The records below should be set down in full, please, without any change.

+-------+

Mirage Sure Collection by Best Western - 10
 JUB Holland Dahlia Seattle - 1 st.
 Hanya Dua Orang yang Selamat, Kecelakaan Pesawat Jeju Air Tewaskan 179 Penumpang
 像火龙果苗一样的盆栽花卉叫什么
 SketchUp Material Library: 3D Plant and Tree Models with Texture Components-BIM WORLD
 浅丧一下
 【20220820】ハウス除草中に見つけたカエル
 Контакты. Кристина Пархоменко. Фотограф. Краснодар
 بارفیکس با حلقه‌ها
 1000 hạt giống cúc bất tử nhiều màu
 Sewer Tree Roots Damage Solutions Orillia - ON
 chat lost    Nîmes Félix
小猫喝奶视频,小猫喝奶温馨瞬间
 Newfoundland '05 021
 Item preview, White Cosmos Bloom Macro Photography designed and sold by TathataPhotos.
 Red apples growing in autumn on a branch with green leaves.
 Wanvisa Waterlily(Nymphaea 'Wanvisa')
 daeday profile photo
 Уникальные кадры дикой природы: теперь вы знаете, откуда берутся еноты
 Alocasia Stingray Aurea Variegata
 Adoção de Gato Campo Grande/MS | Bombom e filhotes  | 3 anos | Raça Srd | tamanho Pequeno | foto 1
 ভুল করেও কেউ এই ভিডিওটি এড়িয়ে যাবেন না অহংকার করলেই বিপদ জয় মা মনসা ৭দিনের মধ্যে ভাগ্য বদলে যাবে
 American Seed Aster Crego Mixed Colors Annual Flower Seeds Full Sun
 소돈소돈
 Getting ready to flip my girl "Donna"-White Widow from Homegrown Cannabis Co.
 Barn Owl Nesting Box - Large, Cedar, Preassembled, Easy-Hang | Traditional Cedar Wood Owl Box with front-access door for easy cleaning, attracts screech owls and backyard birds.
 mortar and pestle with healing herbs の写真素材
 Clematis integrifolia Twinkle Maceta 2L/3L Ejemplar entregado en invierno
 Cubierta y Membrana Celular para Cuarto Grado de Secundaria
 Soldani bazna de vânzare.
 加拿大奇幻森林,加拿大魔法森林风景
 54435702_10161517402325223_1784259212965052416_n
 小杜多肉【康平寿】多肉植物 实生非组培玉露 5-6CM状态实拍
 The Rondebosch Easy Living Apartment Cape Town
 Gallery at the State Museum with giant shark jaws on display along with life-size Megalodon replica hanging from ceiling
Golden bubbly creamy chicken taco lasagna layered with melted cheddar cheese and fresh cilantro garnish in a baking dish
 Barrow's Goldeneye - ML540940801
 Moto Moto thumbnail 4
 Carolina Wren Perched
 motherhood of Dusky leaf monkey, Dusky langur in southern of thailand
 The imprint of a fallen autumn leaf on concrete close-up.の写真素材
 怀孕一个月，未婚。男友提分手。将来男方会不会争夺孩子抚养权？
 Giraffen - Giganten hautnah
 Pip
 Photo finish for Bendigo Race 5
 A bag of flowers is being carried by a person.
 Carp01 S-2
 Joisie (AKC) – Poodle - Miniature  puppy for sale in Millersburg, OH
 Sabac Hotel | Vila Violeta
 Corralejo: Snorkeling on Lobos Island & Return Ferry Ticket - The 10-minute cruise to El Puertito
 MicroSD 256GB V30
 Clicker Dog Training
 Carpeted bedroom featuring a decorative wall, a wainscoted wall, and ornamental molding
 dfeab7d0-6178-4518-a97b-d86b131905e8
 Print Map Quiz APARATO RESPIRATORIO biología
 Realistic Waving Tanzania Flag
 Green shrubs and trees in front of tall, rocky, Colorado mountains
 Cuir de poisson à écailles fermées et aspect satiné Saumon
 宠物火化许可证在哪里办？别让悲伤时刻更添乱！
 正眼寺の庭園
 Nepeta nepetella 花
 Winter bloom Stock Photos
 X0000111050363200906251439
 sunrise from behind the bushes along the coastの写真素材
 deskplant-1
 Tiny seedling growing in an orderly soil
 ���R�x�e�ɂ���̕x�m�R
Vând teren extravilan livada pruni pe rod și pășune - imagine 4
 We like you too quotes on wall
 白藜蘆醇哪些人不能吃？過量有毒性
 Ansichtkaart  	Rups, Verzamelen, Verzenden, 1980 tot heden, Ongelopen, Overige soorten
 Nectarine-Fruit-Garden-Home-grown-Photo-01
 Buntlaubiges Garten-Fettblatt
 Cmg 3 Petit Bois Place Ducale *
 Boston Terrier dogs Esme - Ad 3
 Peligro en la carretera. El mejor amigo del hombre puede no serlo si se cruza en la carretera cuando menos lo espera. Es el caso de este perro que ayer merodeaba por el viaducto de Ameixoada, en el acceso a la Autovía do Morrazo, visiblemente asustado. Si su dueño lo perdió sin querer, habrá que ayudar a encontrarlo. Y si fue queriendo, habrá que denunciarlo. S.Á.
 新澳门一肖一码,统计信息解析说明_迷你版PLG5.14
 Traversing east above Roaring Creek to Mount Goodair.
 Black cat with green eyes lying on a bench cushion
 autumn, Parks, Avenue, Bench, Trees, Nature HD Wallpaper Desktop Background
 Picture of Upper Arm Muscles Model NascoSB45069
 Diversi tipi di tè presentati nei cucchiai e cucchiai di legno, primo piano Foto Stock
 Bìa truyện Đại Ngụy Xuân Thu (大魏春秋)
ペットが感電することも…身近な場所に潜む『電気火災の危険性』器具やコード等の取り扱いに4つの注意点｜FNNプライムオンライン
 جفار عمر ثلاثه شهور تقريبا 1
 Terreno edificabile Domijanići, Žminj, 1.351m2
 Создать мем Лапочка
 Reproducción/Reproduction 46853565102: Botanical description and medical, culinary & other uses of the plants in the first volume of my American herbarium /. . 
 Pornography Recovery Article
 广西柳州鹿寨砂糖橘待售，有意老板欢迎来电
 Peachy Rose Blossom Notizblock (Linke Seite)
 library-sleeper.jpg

+-------+

Problem solution:
Mirage Sure Collection by Best Western - 10
 JUB Holland Dahlia Seattle - 1 st.
 Hanya Dua Orang yang Selamat, Kecelakaan Pesawat Jeju Air Tewaskan 179 Penumpang
 像火龙果苗一样的盆栽花卉叫什么
 SketchUp Material Library: 3D Plant and Tree Models with Texture Components-BIM WORLD
 浅丧一下
 【20220820】ハウス除草中に見つけたカエル
 Контакты. Кристина Пархоменко. Фотограф. Краснодар
 بارفیکس با حلقه‌ها
 1000 hạt giống cúc bất tử nhiều màu
 Sewer Tree Roots Damage Solutions Orillia - ON
 chat lost    Nîmes Félix
小猫喝奶视频,小猫喝奶温馨瞬间
 Newfoundland '05 021
 Item preview, White Cosmos Bloom Macro Photography designed and sold by TathataPhotos.
 Red apples growing in autumn on a branch with green leaves.
 Wanvisa Waterlily(Nymphaea 'Wanvisa')
 daeday profile photo
 Уникальные кадры дикой природы: теперь вы знаете, откуда берутся еноты
 Alocasia Stingray Aurea Variegata
 Adoção de Gato Campo Grande/MS | Bombom e filhotes  | 3 anos | Raça Srd | tamanho Pequeno | foto 1
 ভুল করেও কেউ এই ভিডিওটি এড়িয়ে যাবেন না অহংকার করলেই বিপদ জয় মা মনসা ৭দিনের মধ্যে ভাগ্য বদলে যাবে
 American Seed Aster Crego Mixed Colors Annual Flower Seeds Full Sun
 소돈소돈
 Getting ready to flip my girl "Donna"-White Widow from Homegrown Cannabis Co.
 Barn Owl Nesting Box - Large, Cedar, Preassembled, Easy-Hang | Traditional Cedar Wood Owl Box with front-access door for easy cleaning, attracts screech owls and backyard birds.
 mortar and pestle with healing herbs の写真素材
 Clematis integrifolia Twinkle Maceta 2L/3L Ejemplar entregado en invierno
 Cubierta y Membrana Celular para Cuarto Grado de Secundaria
 Soldani bazna de vânzare.
 加拿大奇幻森林,加拿大魔法森林风景
 54435702_10161517402325223_1784259212965052416_n
 小杜多肉【康平寿】多肉植物 实生非组培玉露 5-6CM状态实拍
 The Rondebosch Easy Living Apartment Cape Town
 Gallery at the State Museum with giant shark jaws on display along with life-size Megalodon replica hanging from ceiling
Golden bubbly creamy chicken taco lasagna layered with melted cheddar cheese and fresh cilantro garnish in a baking dish
 Barrow's Goldeneye - ML540940801
 Moto Moto thumbnail 4
 Carolina Wren Perched
 motherhood of Dusky leaf monkey, Dusky langur in southern of thailand
 The imprint of a fallen autumn leaf on concrete close-up.の写真素材
 怀孕一个月，未婚。男友提分手。将来男方会不会争夺孩子抚养权？
 Giraffen - Giganten hautnah
 Pip
 Photo finish for Bendigo Race 5
 A bag of flowers is being carried by a person.
 Carp01 S-2
 Joisie (AKC) – Poodle - Miniature  puppy for sale in Millersburg, OH
 Sabac Hotel | Vila Violeta
 Corralejo: Snorkeling on Lobos Island & Return Ferry Ticket - The 10-minute cruise to El Puertito
 MicroSD 256GB V30
 Clicker Dog Training
 Carpeted bedroom featuring a decorative wall, a wainscoted wall, and ornamental molding
 dfeab7d0-6178-4518-a97b-d86b131905e8
 Print Map Quiz APARATO RESPIRATORIO biología
 Realistic Waving Tanzania Flag
 Green shrubs and trees in front of tall, rocky, Colorado mountains
 Cuir de poisson à écailles fermées et aspect satiné Saumon
 宠物火化许可证在哪里办？别让悲伤时刻更添乱！
 正眼寺の庭園
 Nepeta nepetella 花
 Winter bloom Stock Photos
 X0000111050363200906251439
 sunrise from behind the bushes along the coastの写真素材
 deskplant-1
 Tiny seedling growing in an orderly soil
 ���R�x�e�ɂ���̕x�m�R
Vând teren extravilan livada pruni pe rod și pășune - imagine 4
 We like you too quotes on wall
 白藜蘆醇哪些人不能吃？過量有毒性
 Ansichtkaart  	Rups, Verzamelen, Verzenden, 1980 tot heden, Ongelopen, Overige soorten
 Nectarine-Fruit-Garden-Home-grown-Photo-01
 Buntlaubiges Garten-Fettblatt
 Cmg 3 Petit Bois Place Ducale *
 Boston Terrier dogs Esme - Ad 3
 Peligro en la carretera. El mejor amigo del hombre puede no serlo si se cruza en la carretera cuando menos lo espera. Es el caso de este perro que ayer merodeaba por el viaducto de Ameixoada, en el acceso a la Autovía do Morrazo, visiblemente asustado. Si su dueño lo perdió sin querer, habrá que ayudar a encontrarlo. Y si fue queriendo, habrá que denunciarlo. S.Á.
 新澳门一肖一码,统计信息解析说明_迷你版PLG5.14
 Traversing east above Roaring Creek to Mount Goodair.
 Black cat with green eyes lying on a bench cushion
 autumn, Parks, Avenue, Bench, Trees, Nature HD Wallpaper Desktop Background
 Picture of Upper Arm Muscles Model NascoSB45069
 Diversi tipi di tè presentati nei cucchiai e cucchiai di legno, primo piano Foto Stock
 Bìa truyện Đại Ngụy Xuân Thu (大魏春秋)
ペットが感電することも…身近な場所に潜む『電気火災の危険性』器具やコード等の取り扱いに4つの注意点｜FNNプライムオンライン
 جفار عمر ثلاثه شهور تقريبا 1
 Terreno edificabile Domijanići, Žminj, 1.351m2
 Создать мем Лапочка
 Reproducción/Reproduction 46853565102: Botanical description and medical, culinary & other uses of the plants in the first volume of my American herbarium /. . 
 Pornography Recovery Article
 广西柳州鹿寨砂糖橘待售，有意老板欢迎来电
 Peachy Rose Blossom Notizblock (Linke Seite)
 library-sleeper.jpg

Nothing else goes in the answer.